- Doborsko Location within Bulgaria
- Country: Bulgaria
- Province: Kardzhali Province
- Municipality: Krumovgrad
- Elevation: 1,050 m (3,440 ft)
- Time zone: UTC+2 (EET)
- • Summer (DST): UTC+3 (EEST)

= Doborsko =

Doborsko is a village in Krumovgrad Municipality, Kardzhali Province, southern Bulgaria.

==Landmarks==
The Rock Tomb-Sanctuary located in neighboring village Rogach, is situated 9 km (5.6 miles) southwest of Doborsko. This archaeological location, found on a cliff by the Krumovitsa River, is revered for its two small rock impressions, known locally as "The Steps of Ali." These marks, resembling human footprints, are considered sacred by the local community.

In the village of Glumovo, 21 km (13 miles) northeast of Doborsko, a memorial honors 40,000 Thracian refugees who died in the area. The memorial includes a chapel, a monument, and a fountain and is the site of the National Youth Thracian Festival, or Thracian Child’s Day, held annually on June 1st, aligning with the International Day for the Protection of Children.
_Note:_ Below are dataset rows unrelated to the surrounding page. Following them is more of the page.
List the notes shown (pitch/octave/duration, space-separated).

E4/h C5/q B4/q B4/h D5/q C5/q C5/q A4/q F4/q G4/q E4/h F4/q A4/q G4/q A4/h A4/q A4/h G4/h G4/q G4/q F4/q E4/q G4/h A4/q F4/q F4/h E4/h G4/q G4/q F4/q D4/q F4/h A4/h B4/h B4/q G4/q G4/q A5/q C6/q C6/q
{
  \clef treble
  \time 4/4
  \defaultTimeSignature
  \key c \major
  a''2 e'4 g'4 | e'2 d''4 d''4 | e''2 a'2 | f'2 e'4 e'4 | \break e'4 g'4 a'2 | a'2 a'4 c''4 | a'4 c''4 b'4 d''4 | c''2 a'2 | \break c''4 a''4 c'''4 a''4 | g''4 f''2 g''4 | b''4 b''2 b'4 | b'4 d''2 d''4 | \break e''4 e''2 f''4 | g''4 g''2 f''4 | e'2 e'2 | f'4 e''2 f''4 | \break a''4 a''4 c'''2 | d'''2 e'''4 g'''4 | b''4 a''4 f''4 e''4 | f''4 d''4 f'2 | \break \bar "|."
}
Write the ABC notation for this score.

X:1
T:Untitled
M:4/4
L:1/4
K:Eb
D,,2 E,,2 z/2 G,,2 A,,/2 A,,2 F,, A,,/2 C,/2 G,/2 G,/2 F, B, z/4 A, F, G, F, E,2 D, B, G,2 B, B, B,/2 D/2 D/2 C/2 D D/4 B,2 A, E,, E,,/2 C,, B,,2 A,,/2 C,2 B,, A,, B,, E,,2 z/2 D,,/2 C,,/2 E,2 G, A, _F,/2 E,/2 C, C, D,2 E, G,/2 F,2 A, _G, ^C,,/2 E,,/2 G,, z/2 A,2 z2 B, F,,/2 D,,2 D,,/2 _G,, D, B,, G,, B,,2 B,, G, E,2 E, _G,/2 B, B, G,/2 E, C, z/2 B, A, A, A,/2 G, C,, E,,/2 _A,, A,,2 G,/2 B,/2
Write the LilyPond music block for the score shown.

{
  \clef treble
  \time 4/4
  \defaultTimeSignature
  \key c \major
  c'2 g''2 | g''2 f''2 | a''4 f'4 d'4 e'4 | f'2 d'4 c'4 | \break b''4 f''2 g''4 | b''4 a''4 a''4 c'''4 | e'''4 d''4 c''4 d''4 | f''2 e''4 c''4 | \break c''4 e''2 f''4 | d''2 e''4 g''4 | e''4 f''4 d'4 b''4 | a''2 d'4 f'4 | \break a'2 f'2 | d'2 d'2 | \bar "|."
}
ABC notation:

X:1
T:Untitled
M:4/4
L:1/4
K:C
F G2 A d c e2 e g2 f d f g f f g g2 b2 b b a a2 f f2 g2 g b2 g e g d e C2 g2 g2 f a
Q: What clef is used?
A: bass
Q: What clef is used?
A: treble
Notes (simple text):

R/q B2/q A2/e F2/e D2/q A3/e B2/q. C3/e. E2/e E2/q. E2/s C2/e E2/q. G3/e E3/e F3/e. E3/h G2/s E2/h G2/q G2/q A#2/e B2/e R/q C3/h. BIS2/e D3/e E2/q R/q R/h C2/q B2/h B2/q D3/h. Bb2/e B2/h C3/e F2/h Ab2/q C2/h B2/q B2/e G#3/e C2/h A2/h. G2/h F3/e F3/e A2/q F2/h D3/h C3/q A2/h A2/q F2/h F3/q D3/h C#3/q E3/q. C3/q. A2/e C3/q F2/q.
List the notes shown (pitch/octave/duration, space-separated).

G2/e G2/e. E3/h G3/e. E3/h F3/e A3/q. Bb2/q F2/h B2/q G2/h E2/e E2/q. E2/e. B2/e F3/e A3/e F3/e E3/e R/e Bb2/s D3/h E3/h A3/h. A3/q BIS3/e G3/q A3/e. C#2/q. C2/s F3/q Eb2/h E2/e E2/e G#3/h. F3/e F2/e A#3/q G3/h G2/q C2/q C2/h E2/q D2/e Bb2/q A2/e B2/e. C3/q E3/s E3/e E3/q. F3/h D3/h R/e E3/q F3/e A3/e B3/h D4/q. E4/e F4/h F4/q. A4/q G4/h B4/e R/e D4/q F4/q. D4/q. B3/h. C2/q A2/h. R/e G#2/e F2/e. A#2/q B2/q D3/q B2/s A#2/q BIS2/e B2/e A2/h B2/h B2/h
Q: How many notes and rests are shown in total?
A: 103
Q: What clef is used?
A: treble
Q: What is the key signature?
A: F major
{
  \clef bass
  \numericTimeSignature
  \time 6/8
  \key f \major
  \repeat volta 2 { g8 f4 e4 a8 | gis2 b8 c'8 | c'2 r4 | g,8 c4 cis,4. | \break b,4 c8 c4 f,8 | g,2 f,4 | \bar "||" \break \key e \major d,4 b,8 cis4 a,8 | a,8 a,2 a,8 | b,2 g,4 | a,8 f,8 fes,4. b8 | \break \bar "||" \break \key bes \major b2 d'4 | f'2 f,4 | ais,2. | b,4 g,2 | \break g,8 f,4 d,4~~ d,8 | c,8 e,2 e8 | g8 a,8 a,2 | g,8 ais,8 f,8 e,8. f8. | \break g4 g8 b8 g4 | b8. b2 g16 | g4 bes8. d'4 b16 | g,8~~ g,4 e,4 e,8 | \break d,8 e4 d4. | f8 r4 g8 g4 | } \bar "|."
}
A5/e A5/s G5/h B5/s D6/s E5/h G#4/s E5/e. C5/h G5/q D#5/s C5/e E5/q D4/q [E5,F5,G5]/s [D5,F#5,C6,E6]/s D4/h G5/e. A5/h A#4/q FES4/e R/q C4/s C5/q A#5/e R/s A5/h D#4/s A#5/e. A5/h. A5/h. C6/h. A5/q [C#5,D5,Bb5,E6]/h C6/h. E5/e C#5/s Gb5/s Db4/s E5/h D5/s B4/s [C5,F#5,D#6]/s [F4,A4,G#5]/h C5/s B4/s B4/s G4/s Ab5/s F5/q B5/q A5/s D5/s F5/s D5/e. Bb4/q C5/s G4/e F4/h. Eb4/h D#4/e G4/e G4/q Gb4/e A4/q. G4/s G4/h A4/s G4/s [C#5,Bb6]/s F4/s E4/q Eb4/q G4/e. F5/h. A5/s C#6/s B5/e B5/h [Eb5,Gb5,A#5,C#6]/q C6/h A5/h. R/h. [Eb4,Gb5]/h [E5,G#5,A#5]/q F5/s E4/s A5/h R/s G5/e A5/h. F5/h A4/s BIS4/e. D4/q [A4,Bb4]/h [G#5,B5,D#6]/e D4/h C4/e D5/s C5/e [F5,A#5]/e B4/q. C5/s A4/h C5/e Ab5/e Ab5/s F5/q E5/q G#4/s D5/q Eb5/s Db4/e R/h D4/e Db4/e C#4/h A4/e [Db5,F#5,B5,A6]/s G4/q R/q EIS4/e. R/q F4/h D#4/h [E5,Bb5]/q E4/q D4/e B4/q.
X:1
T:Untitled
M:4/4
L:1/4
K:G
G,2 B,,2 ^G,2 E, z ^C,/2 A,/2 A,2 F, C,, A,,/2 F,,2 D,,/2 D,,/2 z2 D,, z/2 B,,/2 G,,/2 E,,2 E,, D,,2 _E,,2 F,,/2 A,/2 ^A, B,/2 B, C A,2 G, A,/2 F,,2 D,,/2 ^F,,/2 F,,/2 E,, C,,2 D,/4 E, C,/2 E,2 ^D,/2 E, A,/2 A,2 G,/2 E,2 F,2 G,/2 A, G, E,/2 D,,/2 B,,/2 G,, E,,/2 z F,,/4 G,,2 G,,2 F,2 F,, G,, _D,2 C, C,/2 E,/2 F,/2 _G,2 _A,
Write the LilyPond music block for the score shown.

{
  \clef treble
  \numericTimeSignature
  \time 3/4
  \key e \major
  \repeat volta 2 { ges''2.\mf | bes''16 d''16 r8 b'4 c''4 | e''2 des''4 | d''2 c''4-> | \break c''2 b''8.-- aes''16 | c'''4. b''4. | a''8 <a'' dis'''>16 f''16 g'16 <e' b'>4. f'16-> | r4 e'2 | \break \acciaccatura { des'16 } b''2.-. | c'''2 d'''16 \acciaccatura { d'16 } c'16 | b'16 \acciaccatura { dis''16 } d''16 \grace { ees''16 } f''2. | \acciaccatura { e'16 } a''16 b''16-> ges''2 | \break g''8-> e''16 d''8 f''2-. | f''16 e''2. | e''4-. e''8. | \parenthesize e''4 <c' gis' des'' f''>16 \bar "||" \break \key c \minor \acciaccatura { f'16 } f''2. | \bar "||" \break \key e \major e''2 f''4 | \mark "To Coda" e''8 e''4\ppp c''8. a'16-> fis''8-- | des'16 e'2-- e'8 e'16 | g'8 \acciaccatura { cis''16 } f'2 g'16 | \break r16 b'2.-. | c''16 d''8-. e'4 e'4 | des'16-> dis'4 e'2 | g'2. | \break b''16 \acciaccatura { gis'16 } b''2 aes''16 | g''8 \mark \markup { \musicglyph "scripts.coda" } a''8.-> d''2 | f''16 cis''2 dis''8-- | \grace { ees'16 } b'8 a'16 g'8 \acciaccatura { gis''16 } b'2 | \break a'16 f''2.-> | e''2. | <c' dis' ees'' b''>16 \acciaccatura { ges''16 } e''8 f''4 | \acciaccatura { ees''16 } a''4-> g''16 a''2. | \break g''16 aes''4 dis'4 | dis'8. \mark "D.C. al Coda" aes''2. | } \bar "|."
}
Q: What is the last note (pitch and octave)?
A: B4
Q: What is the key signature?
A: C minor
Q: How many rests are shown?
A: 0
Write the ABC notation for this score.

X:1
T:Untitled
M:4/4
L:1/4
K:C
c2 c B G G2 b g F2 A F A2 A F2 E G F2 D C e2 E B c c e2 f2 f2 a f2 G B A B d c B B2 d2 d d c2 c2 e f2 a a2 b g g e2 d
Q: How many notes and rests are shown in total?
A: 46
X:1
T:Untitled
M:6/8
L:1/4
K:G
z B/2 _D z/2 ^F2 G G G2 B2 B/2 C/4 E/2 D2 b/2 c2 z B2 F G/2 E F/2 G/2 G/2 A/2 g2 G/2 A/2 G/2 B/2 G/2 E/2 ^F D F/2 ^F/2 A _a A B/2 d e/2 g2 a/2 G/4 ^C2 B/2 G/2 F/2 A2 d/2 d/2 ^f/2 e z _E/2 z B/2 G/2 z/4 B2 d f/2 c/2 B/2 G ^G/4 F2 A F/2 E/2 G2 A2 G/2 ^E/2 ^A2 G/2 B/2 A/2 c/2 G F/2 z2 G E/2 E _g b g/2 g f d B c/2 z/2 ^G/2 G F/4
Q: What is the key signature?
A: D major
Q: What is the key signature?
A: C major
Krumovgrad is home to several important cultural and historical sites. The Seytlyar Dzhamisi mosque is a key landmark believed to be essential for the town’s history. The town also boasts a museum with over 2,000 exhibits housed in a building designated as a cultural monument. Additionally, the church of St. Ivan Rilski, built in 1934, is recognized for its architectural significance.